Mam też drugi kolor. A jakże. Z tym, że wynik testu tak mnie zaskoczył, że nic tylko się śmiać. Bo nijak to do mnie nie powinno pasować. Wy zaraz się też uśmiejecie. Byłam pewna, że wyjdzie mi zielony. Bo w końcu mam wokół ludzi, bo jestem empatyczna, bo się troszczę o innych. Taaa, akurat.

Uwaga, jesteście gotowi? Jestem niebieska.

Przeczytajcie sobie opis i jeszcze raz pomyślcie o mnie. NIEBIESKA.

Umysł analityczny, skrupulatny, pedantyczny, nie potrzebuje ludzi, introwertyk. Czy takie połączenie może być w ogóle możliwe?

Skończyliście się śmiać?

Ja też i zastanowiłam się porządnie nad sobą. Co ciekawe, jakbym brała pod uwagę tylko te  dwie cechy, to wychodzi prawie pół na pół. Żółte przeważa, ma ok. 56%, a niebieski 44%.

Z tym, że schemat wszystkich kolorów wygląda u mnie tak:

Zielony – 9%

Czerwony – 18%

Niebieski – 31%

Żółty – 40%

 

Ale, czy to takie ważne? Tak, bo jestem też niebieska. 44% nie pamiętacie?

No i wracając do tematu, co ja mam z tego niebieskiego.

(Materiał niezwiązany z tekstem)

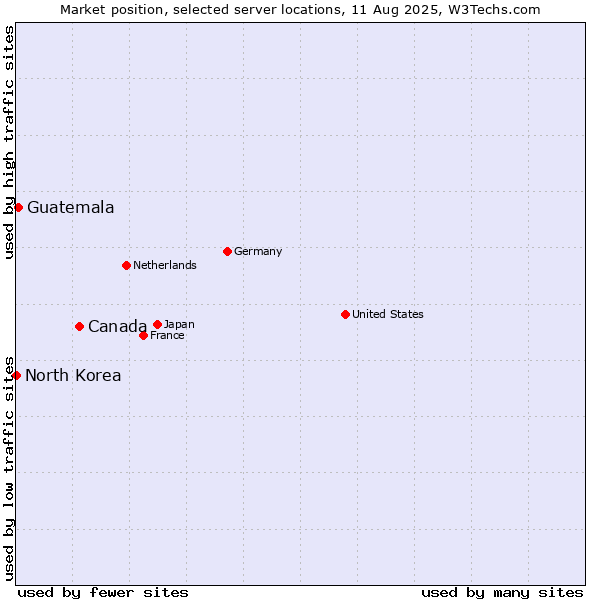 Market position of Canada vs. Guatemala vs. North Korea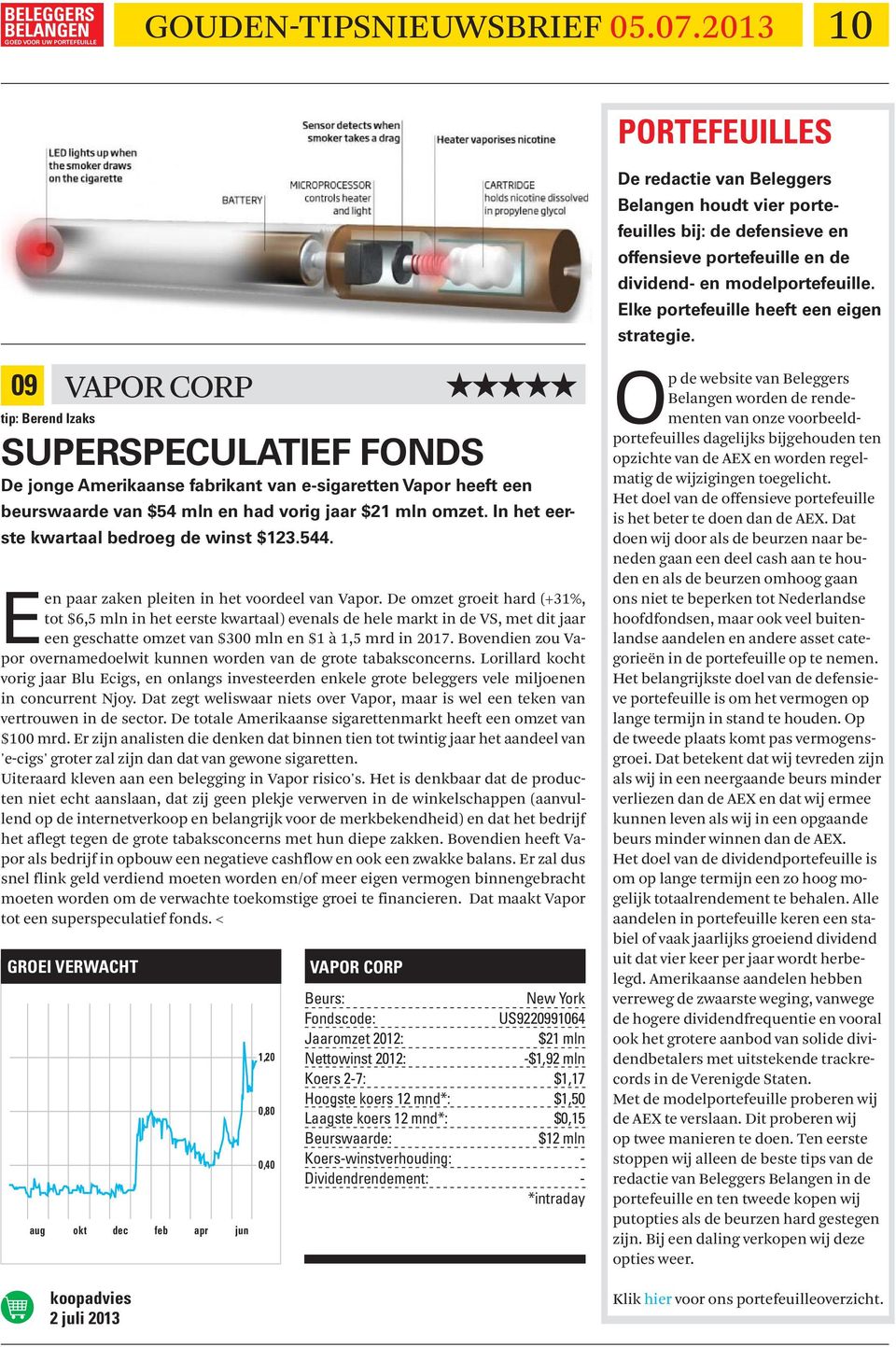 09 tip: Berend Izaks SUPERSPECULATIEF FONDS De jonge Amerikaanse fabrikant van e-sigaretten Vapor heeft een beurswaarde van $54 mln en had vorig jaar $21 mln omzet.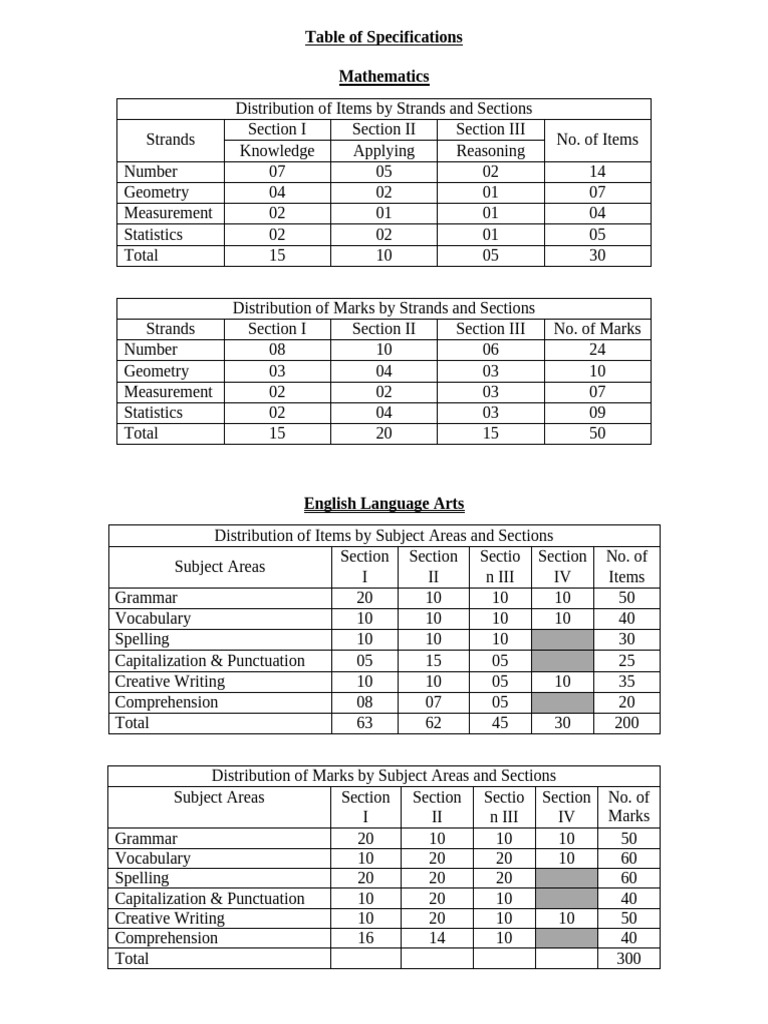 Table of Specifications | PDF | Linguistics | Human Communication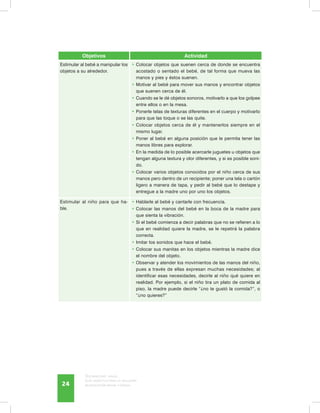 Discapacidad visual.
Guía didáctica para la inclusión
en educación inicial y básica24
Estimular al bebé a manipular los
objetos a su alrededor.	
•	Colocar objetos que suenen cerca de donde se encuentra
acostado o sentado el bebé, de tal forma que mueva las
manos y pies y éstos suenen.
•	Motivar al bebé para mover sus manos y encontrar objetos
que suenen cerca de él.
•	Cuando se le dé objetos sonoros, motivarlo a que los golpee
entre ellos o en la mesa.
•	Ponerle telas de texturas diferentes en el cuerpo y motivarlo
para que las toque o se las quite.
•	Colocar objetos cerca de él y mantenerlos siempre en el
mismo lugar.
•	Poner al bebé en alguna posición que le permita tener las
manos libres para explorar.
•	En la medida de lo posible acercarle juguetes u objetos que
tengan alguna textura y olor diferentes, y si es posible soni-
do.
•	Colocar varios objetos conocidos por el niño cerca de sus
manos pero dentro de un recipiente; poner una tela o cartón
ligero a manera de tapa, y pedir al bebé que lo destape y
entregue a la madre uno por uno los objetos.
Estimular al niño para que ha-
ble.
•	Hablarle al bebé y cantarle con frecuencia.
•	Colocar las manos del bebé en la boca de la madre para
que sienta la vibración.
•	Si el bebé comienza a decir palabras que no se refieren a lo
que en realidad quiere la madre, se le repetirá la palabra
correcta.
•	Imitar los sonidos que hace el bebé.
•	Colocar sus manitas en los objetos mientras la madre dice
el nombre del objeto.
•	Observar y atender los movimientos de las manos del niño,
pues a través de ellas expresan muchas necesidades; al
identificar esas necesidades, decirle al niño qué quiere en
realidad. Por ejemplo, si el niño tira un plato de comida al
piso, la madre puede decirle “¿no te gustó la comida?”, o
“¿no quieres?”
Objetivos Actividad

Jestem analityczna? Instrukcji nie przeczytam, bo tu rządzi żółta część mojego jestestwa, ale często dzielę włos na czworo jeśli chodzi o rozmowy z drugim człowiekiem. Analizuje je, zwłaszcza te ważne. Co autor miał na myśli, czy na pewno dobrze wypadłam, czy to, co on mi powiedział było prawdą i jaki powinien być mój kolejny krok. Nie patrzę powierzchownie na rozmowy z drugim człowiekiem, ja wchodzę w głąb. Także nie martwcie się, że skoro mam problem ze słuchaniem, to jak mi się już uda na was skupić uwagę, to robię to powierzchownie. Nic bardziej mylnego. Ja potrafię analizować daną rozmowę w mowie czy w piśmie jeszcze długo po jej zakończeniu i zastanawiać się nad celem, sensem, przesłaniem. Albo nad tym, jak komuś pomóc rozwiązać problem. Tu mi żółta przeszkadza, bo ona chce szybko.:)

Introwertyk. Czy w ogóle jest możliwa fuzja ekstrawertyka z introwertykiem? No chyba tak, skoro test mi tak powiedział, to musi to być możliwe.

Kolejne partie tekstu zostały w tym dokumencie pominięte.